Unfortunately for me, my job forces me to be in NYC at least several months a year. I get by, but I prefer greenery, peace, and quiet.

I'm currently based out of Singapore. But the nature of my work requires me to be around the world. I'm not from China but next week I will be in Hong Kong for example. I'm from the United States actually.
Truthyfully when was the last time you were actually in Chicago? I can tell from your posts that you really haven't been much out of the city center and probably overrate your experience in terms of what you actually saw. I lived in Chicago for nearly a decade and now call Manhattan my home full time.
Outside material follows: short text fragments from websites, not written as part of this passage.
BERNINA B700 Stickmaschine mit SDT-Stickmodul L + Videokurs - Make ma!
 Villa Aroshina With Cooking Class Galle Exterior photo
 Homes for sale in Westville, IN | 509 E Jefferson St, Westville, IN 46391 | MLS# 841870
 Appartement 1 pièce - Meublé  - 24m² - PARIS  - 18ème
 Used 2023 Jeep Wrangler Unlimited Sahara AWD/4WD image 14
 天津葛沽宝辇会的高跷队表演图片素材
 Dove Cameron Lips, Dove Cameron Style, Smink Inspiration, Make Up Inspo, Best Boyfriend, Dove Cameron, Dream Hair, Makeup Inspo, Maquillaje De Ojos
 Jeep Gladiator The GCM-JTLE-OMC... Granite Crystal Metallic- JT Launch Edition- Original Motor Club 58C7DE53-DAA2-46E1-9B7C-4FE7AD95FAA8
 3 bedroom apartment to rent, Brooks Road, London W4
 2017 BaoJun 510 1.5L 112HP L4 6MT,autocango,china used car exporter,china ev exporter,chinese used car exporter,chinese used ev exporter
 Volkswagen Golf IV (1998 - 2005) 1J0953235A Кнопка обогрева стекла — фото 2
Is NYC more cosmopolitan than Chicago? Of course, but Chicago also in some parts is pretty cosmopolitan nowadays (big progress especially in the last handful of years). A friend of mine from Paris first visited Chicago 6 or 7 years ago and didn't think much of it. 2 years ago he came for the second time and noted how much more cosmopolitan the city felt and how much better it felt. NYC has more of it, but NYC is also not cosmopolitan in most places - just some - people are swayed easily by what they see when they visit. It's the same reason why people think that Hong Kong is some big, shiny cosmopolitan city everywhere when it's actually not like that in most places. However, if you just experience one area then you're easily swayed into thinking a city is whatever you make it to be. I've lived in both cities, Chicago and NYC, and what you say is not accurate and your post wreaks of someone who thinks they know more than they actually do.

Also, you say you prefer greenery, peace, and quiet which Chicago has a lot more of in the actual city than NYC. Anybody who knows Chicago knows this, and you obviously don't know much of anything about Chicago.